The Deadly Culture of Traffic Stops

 Mike McIntire and Michael H. Keller at NYT:

A hidden scaffolding of financial incentives underpins the policing of motorists in the United States, encouraging some communities to essentially repurpose armed officers as revenue agents searching for infractions largely unrelated to public safety. As a result, driving is one of the most common daily routines during which people have been shot, Tased, beaten or arrested after minor offenses.

Some of those encounters — like those with Sandra Bland, Walter Scott and Philando Castile — are now notorious and contributed to a national upheaval over race and policing. The New York Times has identified more than 400 others from the past five years in which officers killed unarmed civilians who had not been under pursuit for violent crimes.

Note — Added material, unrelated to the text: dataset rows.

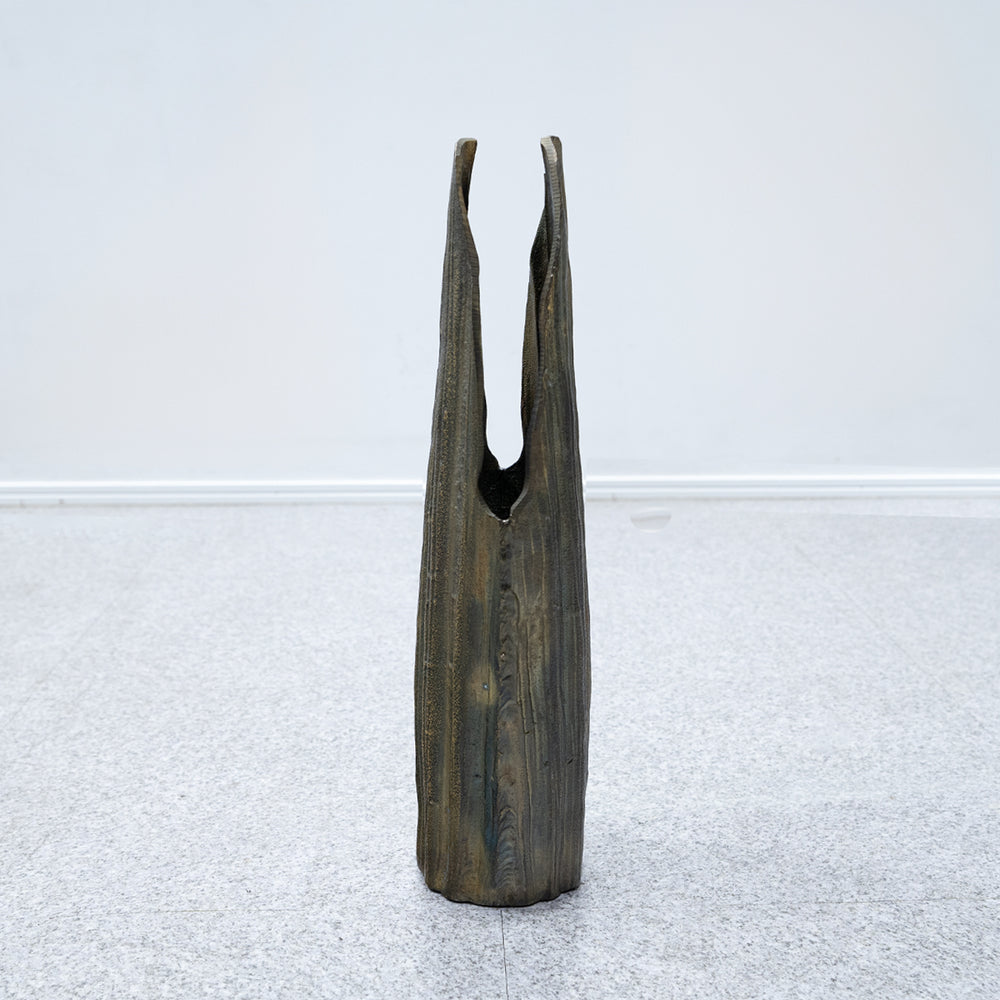 Light&Living / Vase deco M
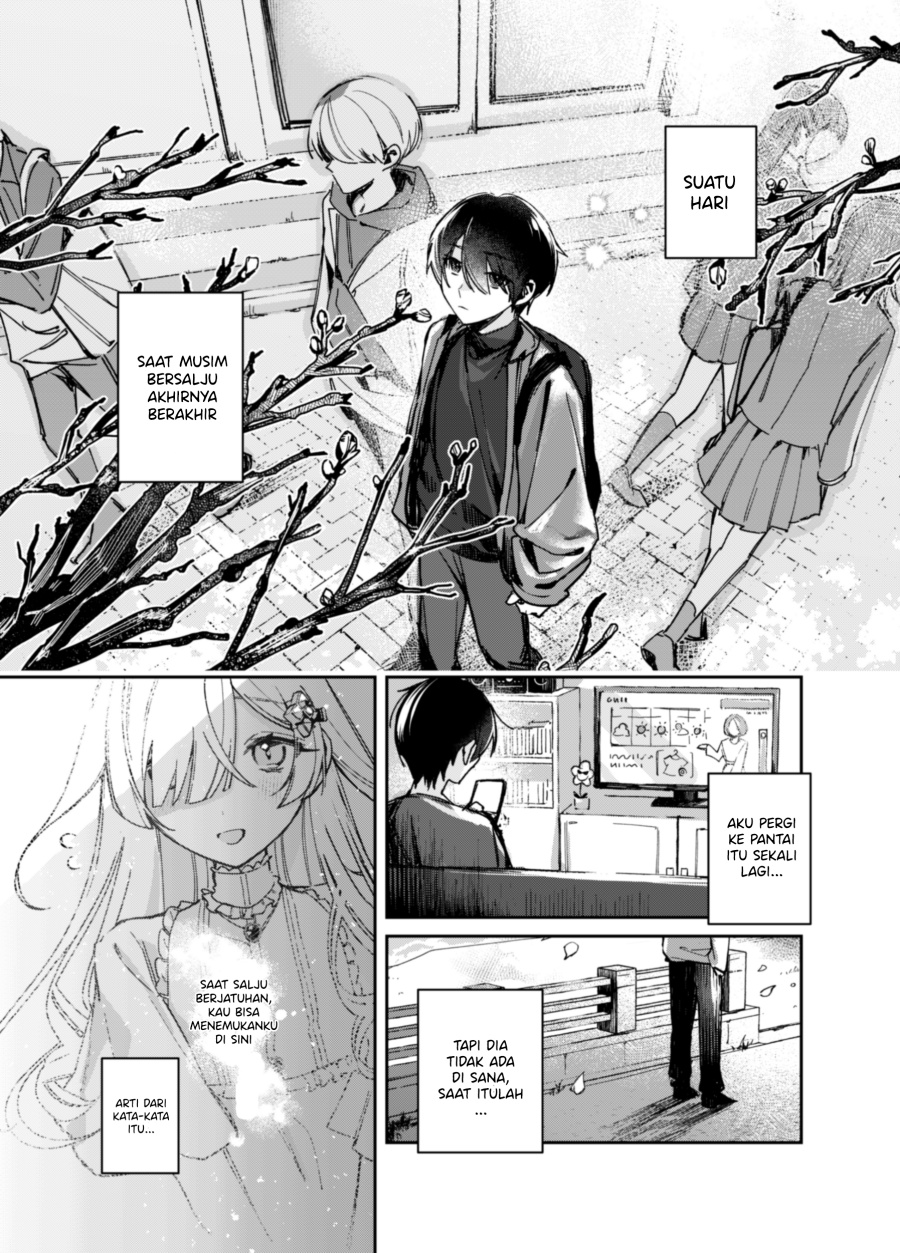 Chapter .1 - halaman 9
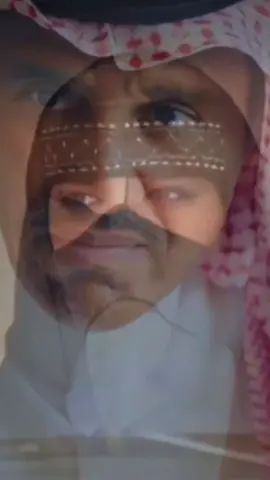 #CapCut  #خالد_عبد_الرحمن  #احساس #الشاعره @متصل 
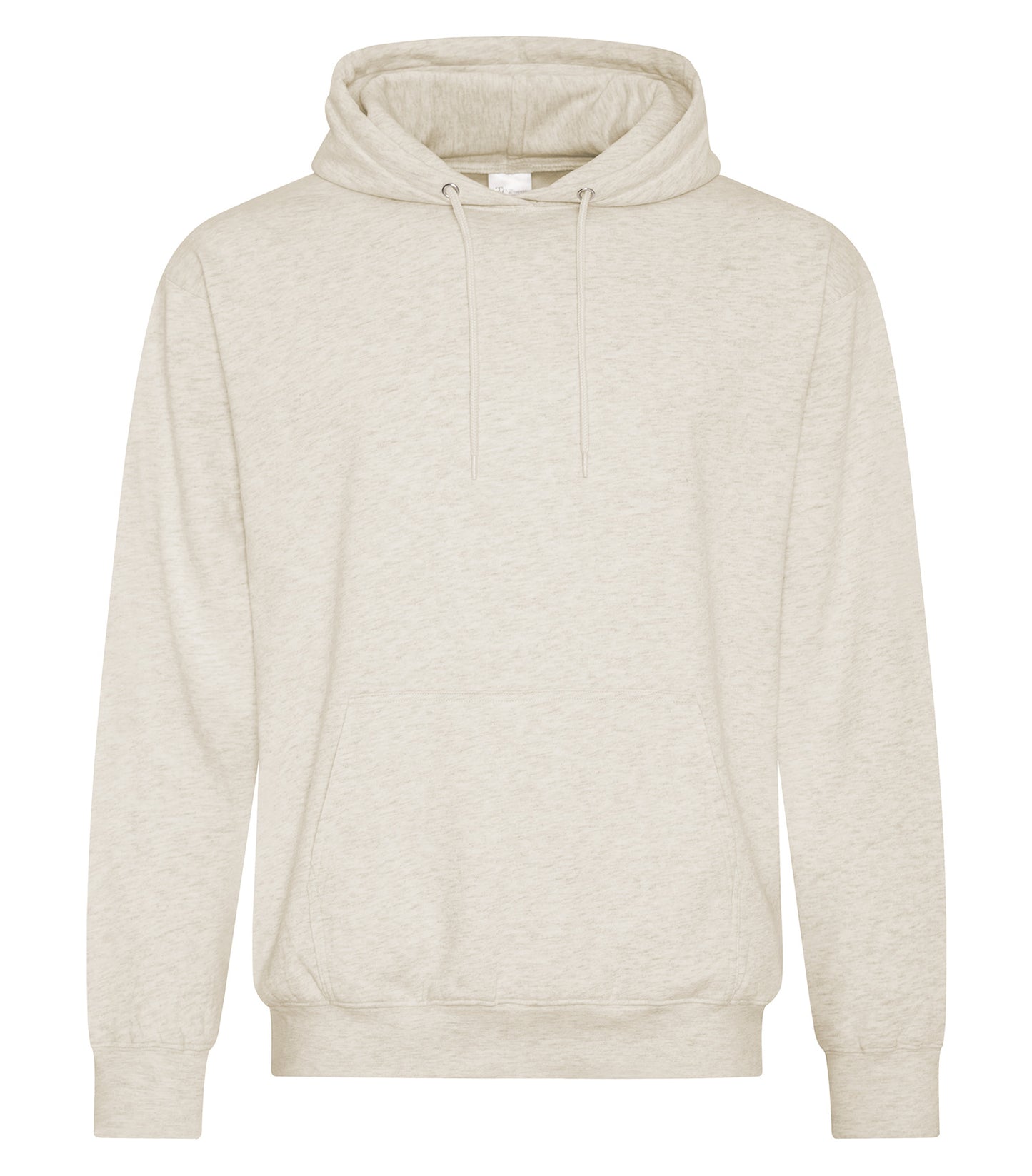 ATC™ Everyday Fleece Hooded Sweatshirt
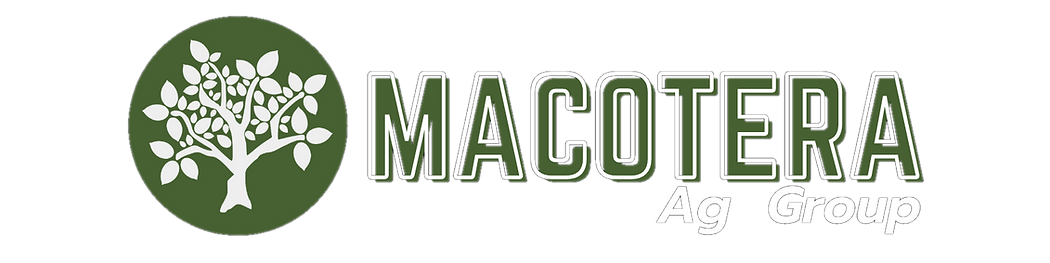 Macotera Black Background - LinkedIn_edited.png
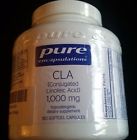 00766298005591 Pure Encapsulations Cla Conjugated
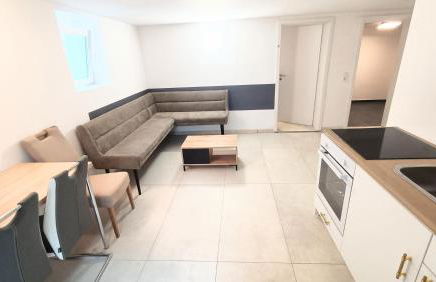 26K, Luxus Apartments - Foto 25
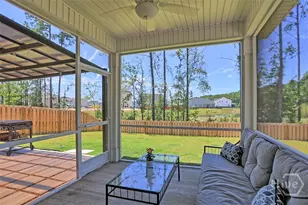285 Cromer St, Port Wentworth, GA 31407 - Photo 45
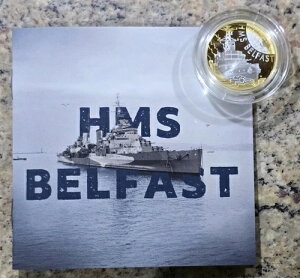 HMSxt@Xg 2025N p 2|h v[tRC  3,500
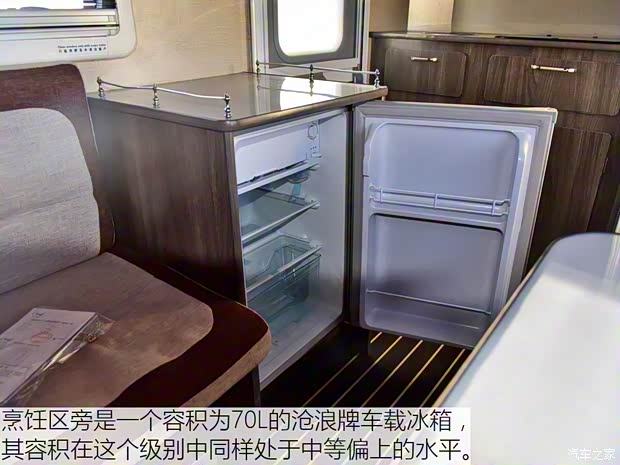 江西五十鈴 D-MAX 2018款 3.0T四驅自動單排超豪華型4JJ1-TC HI 江西五十鈴 D-MAX 2018款 3.0T四驅自動單排超豪華型4JJ1-TC HI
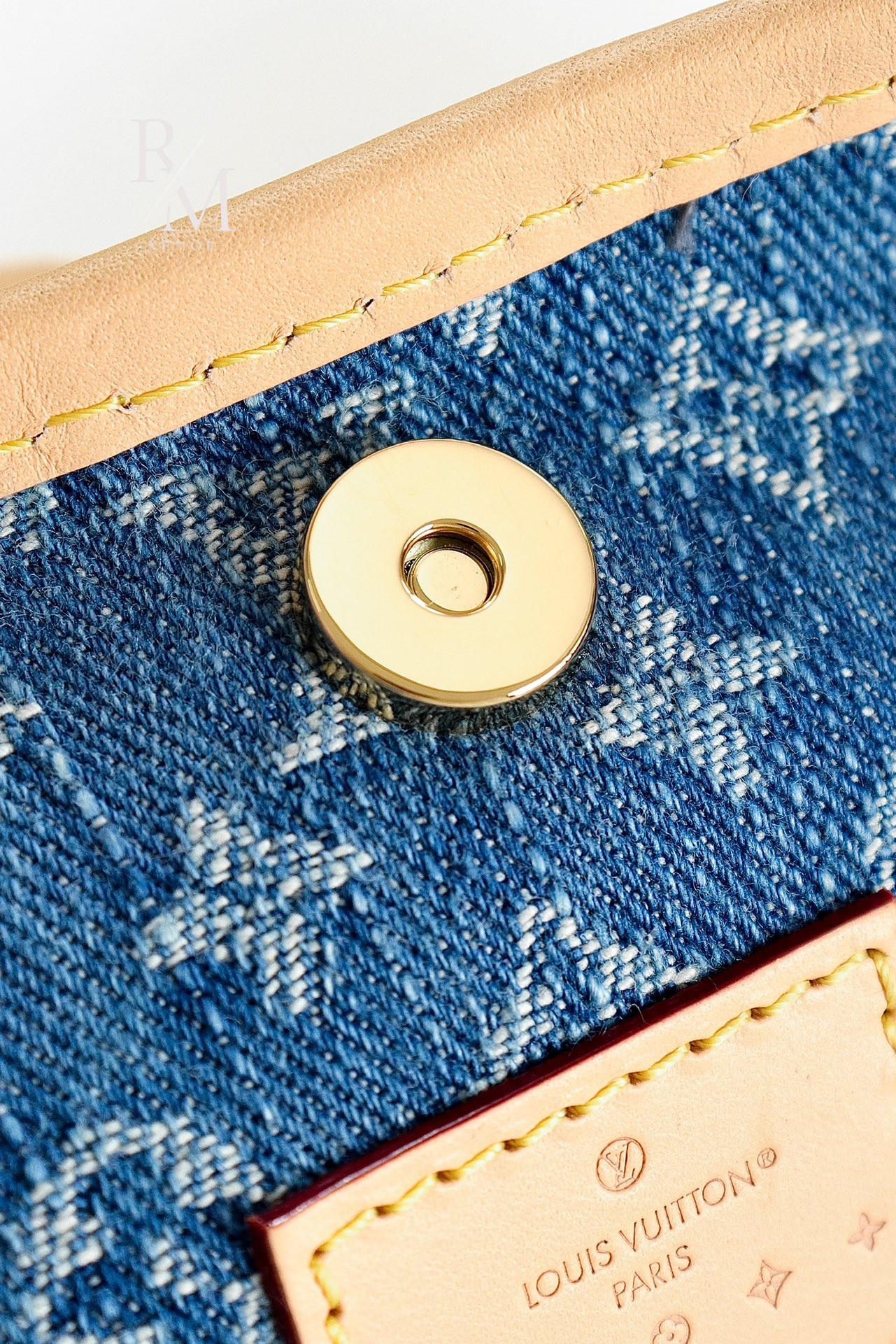 36fc2ac6b0799924e02ba59ee3e8f8fd_1744785174_7148.jpg 36fc2ac6b0799924e02ba59ee3e8f8fd_1744785174_7148.jpg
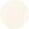 Women Embroidered Flared Kurta & Palazzos Set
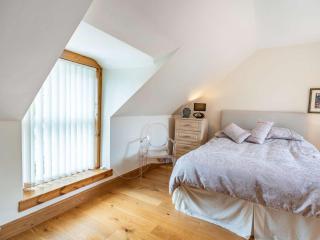 1 bed in Lauder 57931 - Lauder - 2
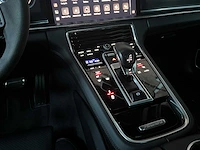 Porsche panamera sport turismo gts 4.0 v8 480pk 2022 (facelift), gfn-33-z - afbeelding 15 van  51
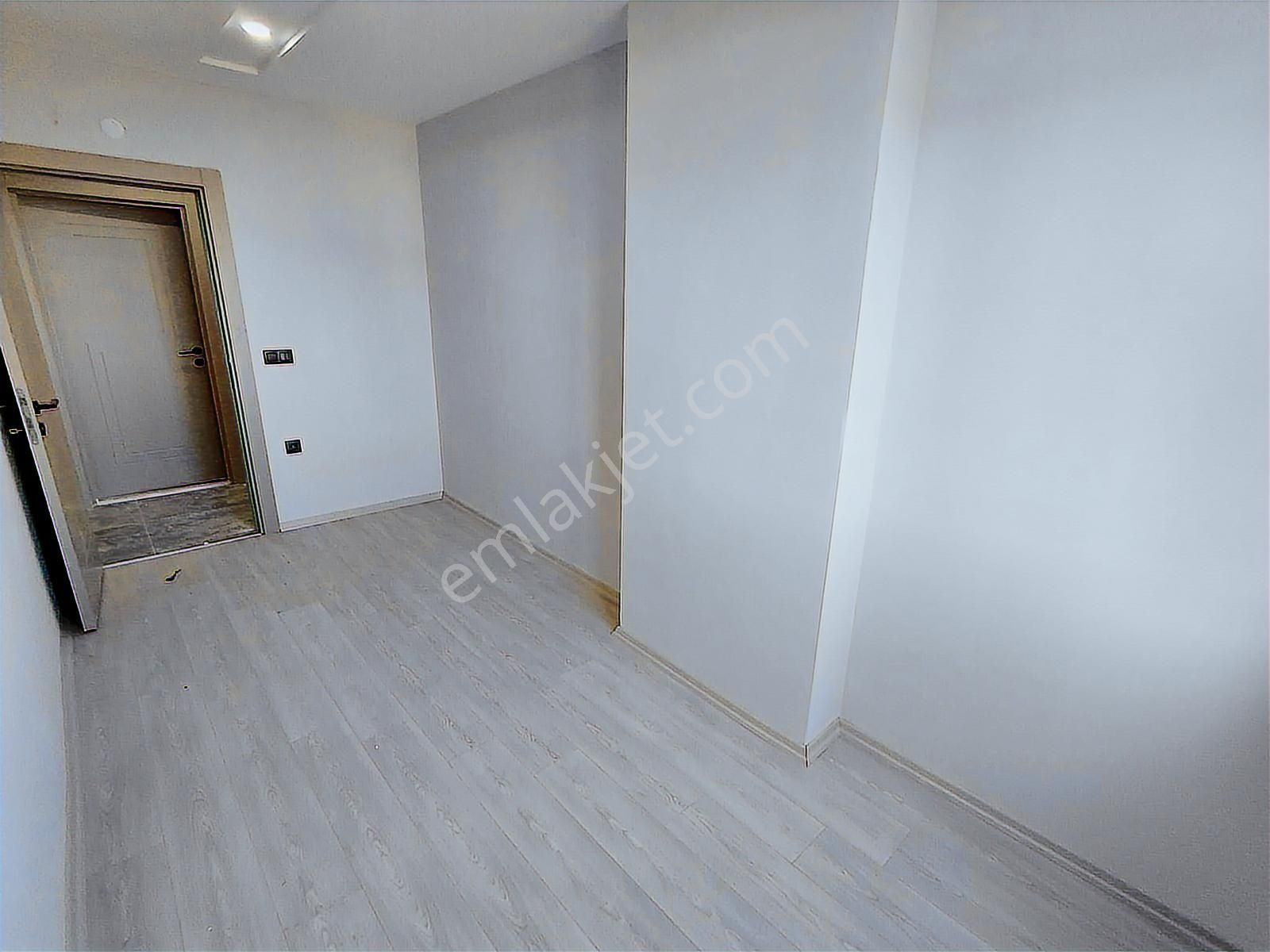 Artıdan Tecrübelerimize Göre Tüm İhtiyaçların Karşılandığı 3+1 - Görsel 26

Fueling the culture of traffic stops is the federal government, which issues over $600 million a year in highway safety grants that subsidize ticket writing. Although federal officials say they do not impose quotas, at least 20 states have evaluated police performance on the number of traffic stops per hour, which critics say contributes to overpolicing and erosion of public trust, particularly among members of certain racial groups.
Many municipalities across the country rely heavily on ticket revenue and court fees to pay for government services, and some maintain outsize police departments to help generate that money, according to a review of hundreds of municipal audit reports, town budgets, court files and state highway records.